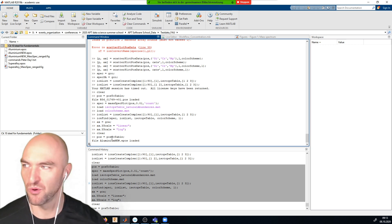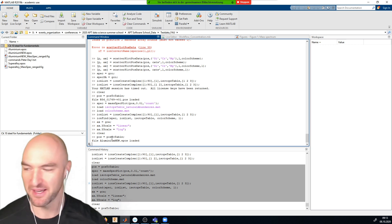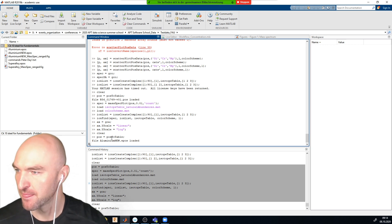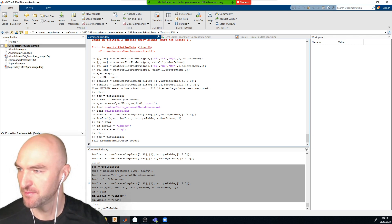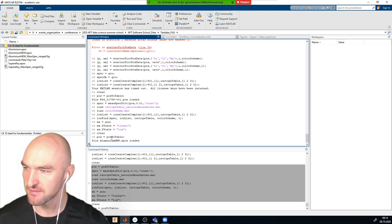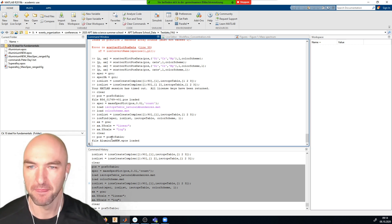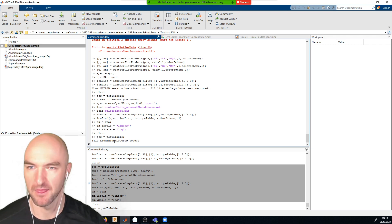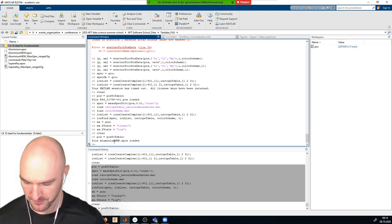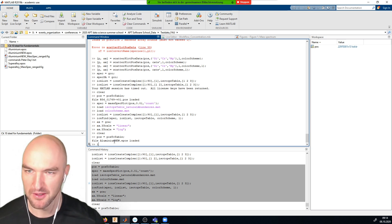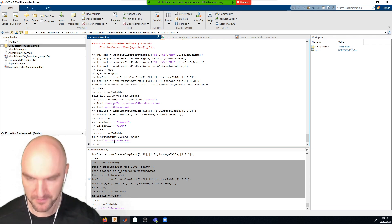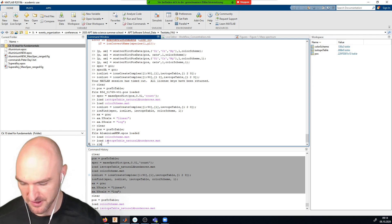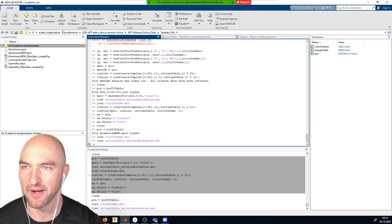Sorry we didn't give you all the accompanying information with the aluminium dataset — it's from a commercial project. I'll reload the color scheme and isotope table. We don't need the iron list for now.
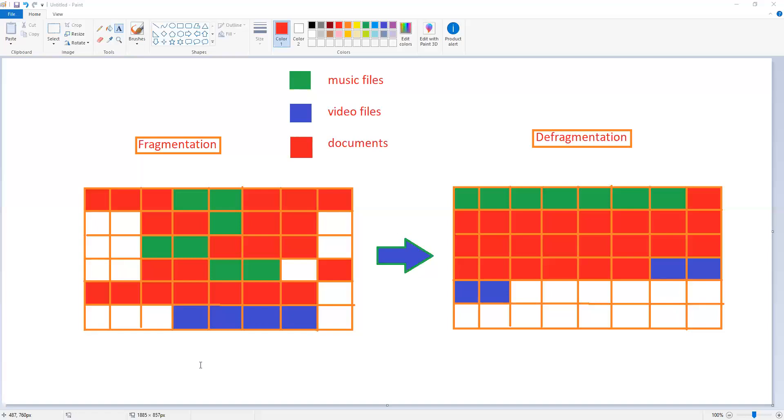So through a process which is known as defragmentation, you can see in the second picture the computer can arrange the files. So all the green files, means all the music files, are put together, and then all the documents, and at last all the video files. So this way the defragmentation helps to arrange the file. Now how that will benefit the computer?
▬▬▬▬▬▬▬▬▬▬
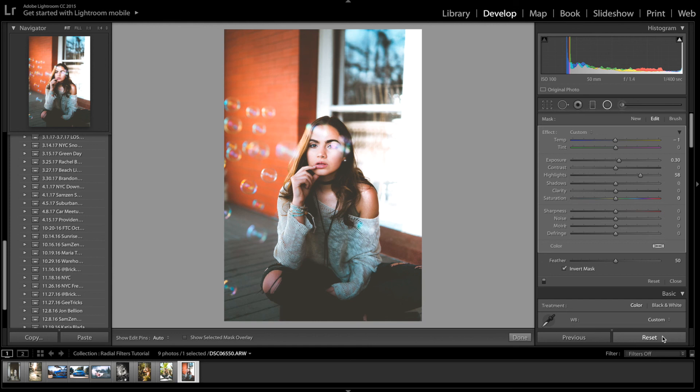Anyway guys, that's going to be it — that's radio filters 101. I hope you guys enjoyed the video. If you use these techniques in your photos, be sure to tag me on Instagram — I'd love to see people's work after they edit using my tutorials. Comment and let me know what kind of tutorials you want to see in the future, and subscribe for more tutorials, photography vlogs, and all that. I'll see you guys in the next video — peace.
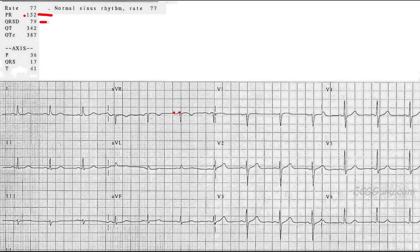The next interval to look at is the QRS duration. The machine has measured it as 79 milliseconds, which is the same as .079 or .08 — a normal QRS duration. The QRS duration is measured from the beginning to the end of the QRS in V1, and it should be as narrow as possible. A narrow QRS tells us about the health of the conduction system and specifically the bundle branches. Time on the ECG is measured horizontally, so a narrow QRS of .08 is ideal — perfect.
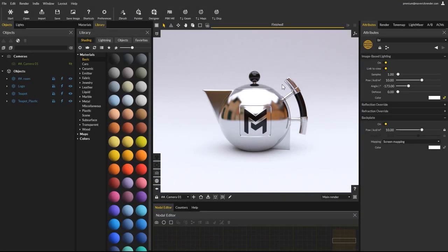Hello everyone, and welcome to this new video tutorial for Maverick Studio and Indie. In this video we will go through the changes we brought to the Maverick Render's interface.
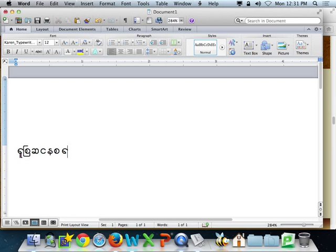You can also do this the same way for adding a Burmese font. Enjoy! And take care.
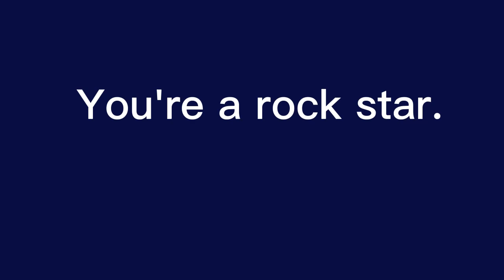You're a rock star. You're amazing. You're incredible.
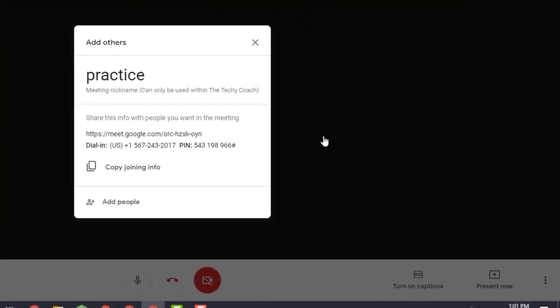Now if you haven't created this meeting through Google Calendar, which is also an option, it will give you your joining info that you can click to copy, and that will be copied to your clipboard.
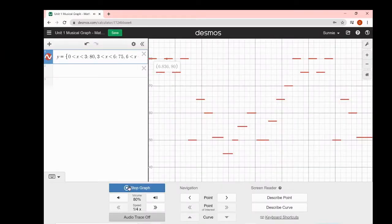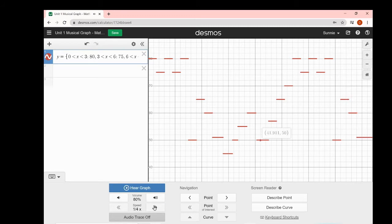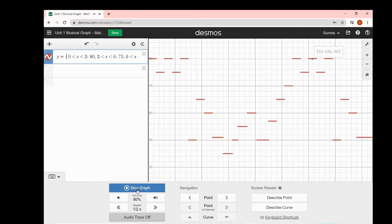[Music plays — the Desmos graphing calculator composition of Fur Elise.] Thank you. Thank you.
▬▬▬▬▬▬▬▬▬▬
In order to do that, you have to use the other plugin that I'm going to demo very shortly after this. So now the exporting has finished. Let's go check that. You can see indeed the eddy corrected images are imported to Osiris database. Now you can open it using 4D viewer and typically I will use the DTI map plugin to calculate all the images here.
▬▬▬▬▬▬▬▬▬▬
* _EXERCISE AIM_:
In the listing above, find the line containing "You can also" and the line containing "[Music plays —". Reproduce those lines and all between them exactly, with no pictures and nothing more.

* _TASK RESPONSE_:
You can also do this the same way for adding a Burmese font. Enjoy! And take care.
You're a rock star. You're amazing. You're incredible.
Now if you haven't created this meeting through Google Calendar, which is also an option, it will give you your joining info that you can click to copy, and that will be copied to your clipboard.
[Music plays — the Desmos graphing calculator composition of Fur Elise.] Thank you. Thank you.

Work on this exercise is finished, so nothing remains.